(Beginning of Records for this exercise)

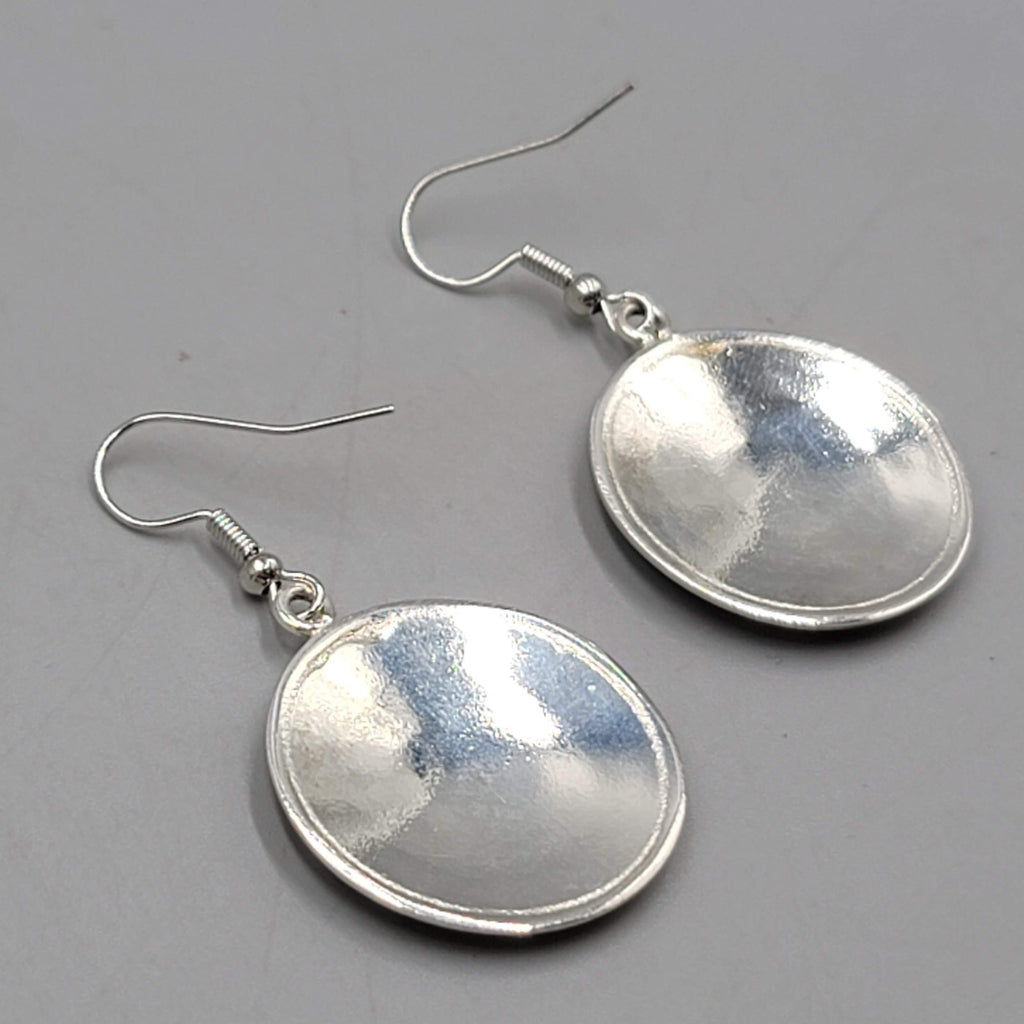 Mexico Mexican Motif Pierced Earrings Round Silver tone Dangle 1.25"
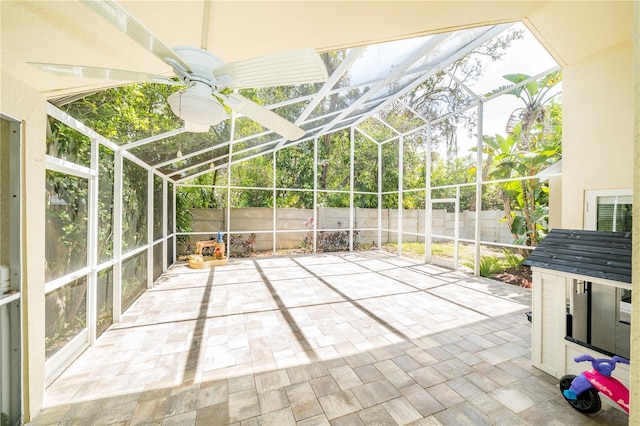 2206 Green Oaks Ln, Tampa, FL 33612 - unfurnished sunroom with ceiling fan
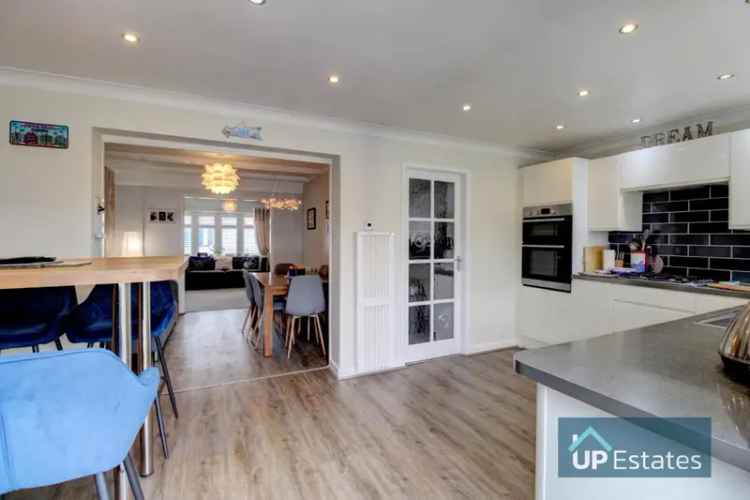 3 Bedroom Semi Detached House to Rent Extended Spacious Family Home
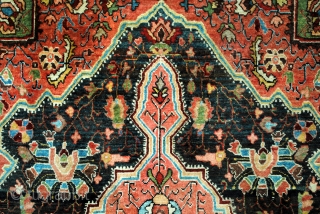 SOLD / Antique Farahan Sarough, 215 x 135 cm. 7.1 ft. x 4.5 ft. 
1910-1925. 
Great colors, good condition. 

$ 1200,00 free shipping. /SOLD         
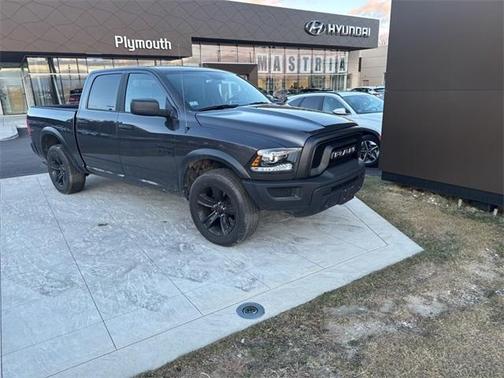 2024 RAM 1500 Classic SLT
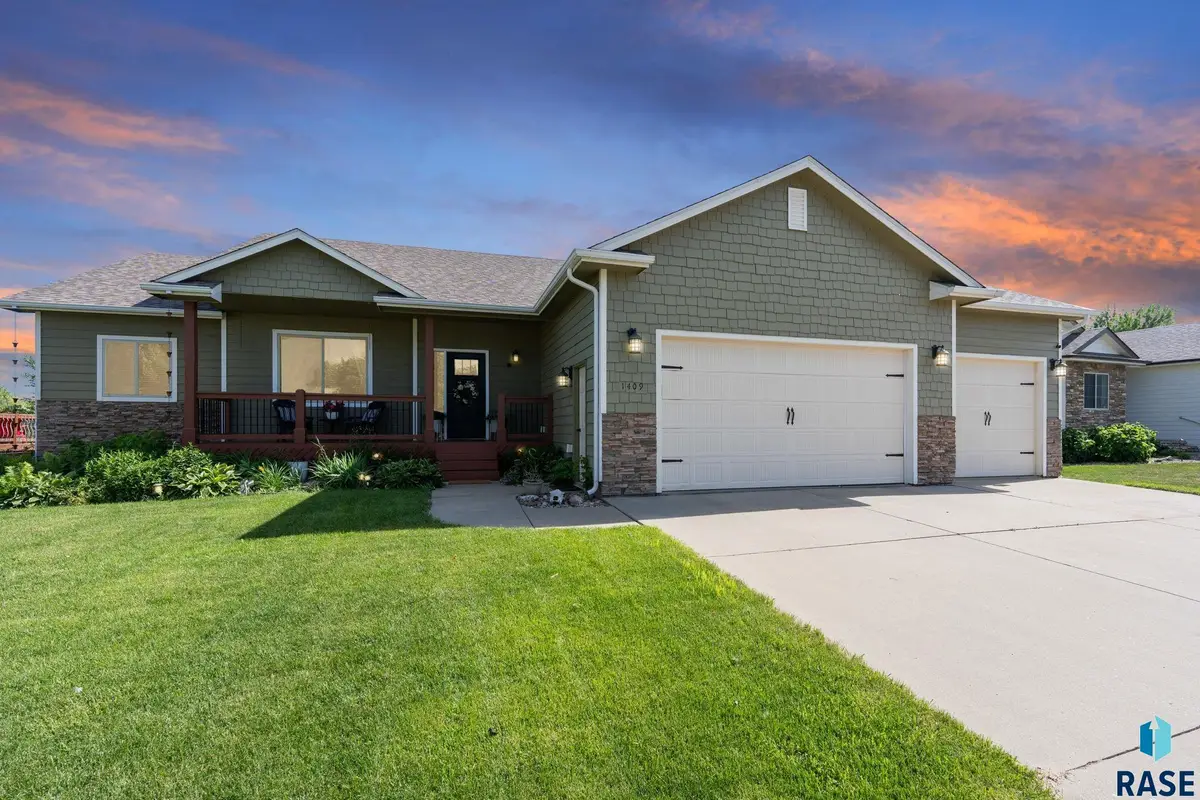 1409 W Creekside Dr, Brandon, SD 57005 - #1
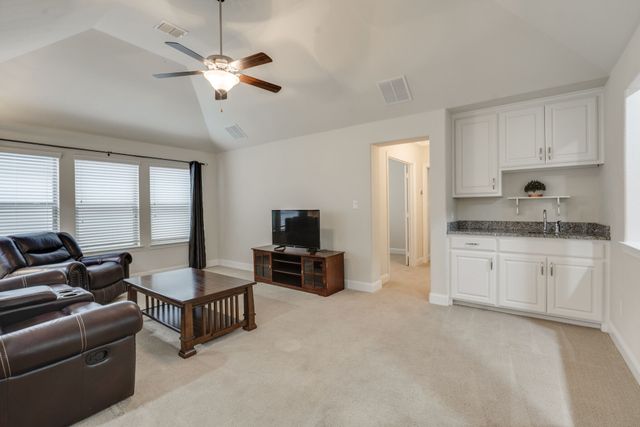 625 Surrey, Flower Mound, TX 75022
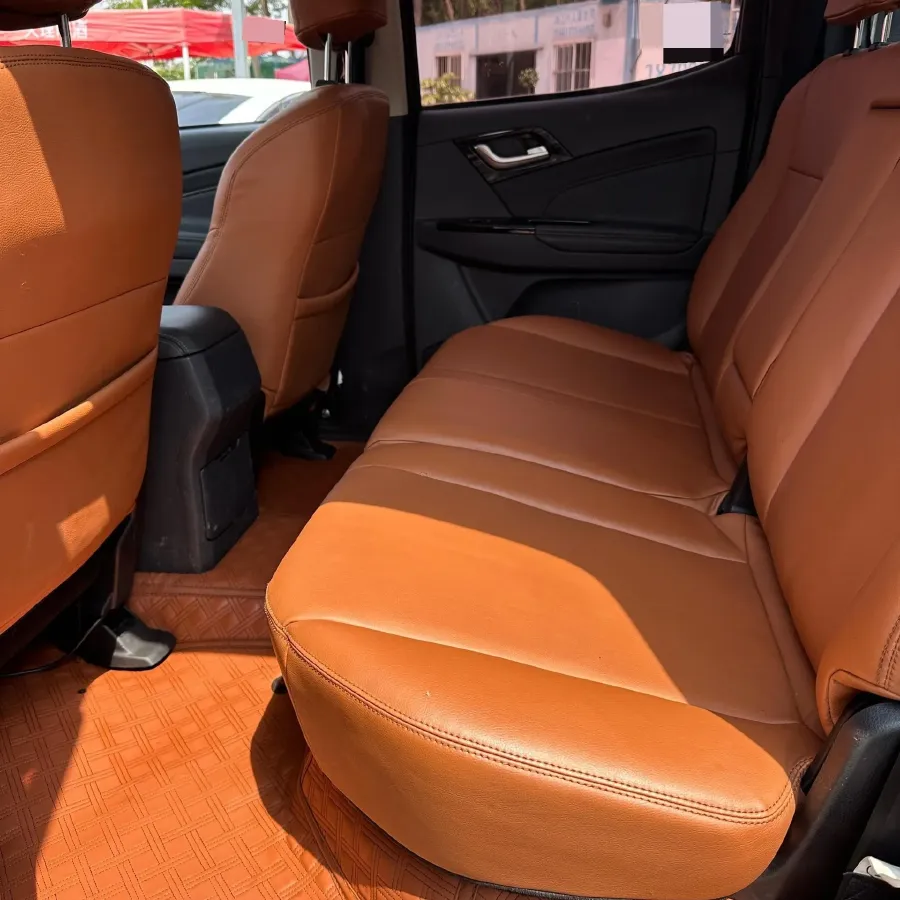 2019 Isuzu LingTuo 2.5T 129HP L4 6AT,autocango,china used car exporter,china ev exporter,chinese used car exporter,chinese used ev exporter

(End of Records for this exercise)
(Beginning of Records for this exercise)

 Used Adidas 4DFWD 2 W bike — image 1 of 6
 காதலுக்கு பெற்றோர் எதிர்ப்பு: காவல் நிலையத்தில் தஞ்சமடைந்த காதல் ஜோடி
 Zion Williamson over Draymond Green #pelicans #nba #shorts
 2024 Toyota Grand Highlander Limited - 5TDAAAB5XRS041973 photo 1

(End of Records for this exercise)

§ **Requirement**
What you return from the records above should be exactly everything from the line with "Mexico Mexican Motif" down to the line with "2019 Isuzu LingTuo", both kept, and no pictures.

§ **The answer**
 Mexico Mexican Motif Pierced Earrings Round Silver tone Dangle 1.25"
 2206 Green Oaks Ln, Tampa, FL 33612 - unfurnished sunroom with ceiling fan
 3 Bedroom Semi Detached House to Rent Extended Spacious Family Home
 SOLD / Antique Farahan Sarough, 215 x 135 cm. 7.1 ft. x 4.5 ft. 
1910-1925. 
Great colors, good condition. 

$ 1200,00 free shipping. /SOLD         
 2024 RAM 1500 Classic SLT
 1409 W Creekside Dr, Brandon, SD 57005 - #1
 625 Surrey, Flower Mound, TX 75022
 2019 Isuzu LingTuo 2.5T 129HP L4 6AT,autocango,china used car exporter,china ev exporter,chinese used car exporter,chinese used ev exporter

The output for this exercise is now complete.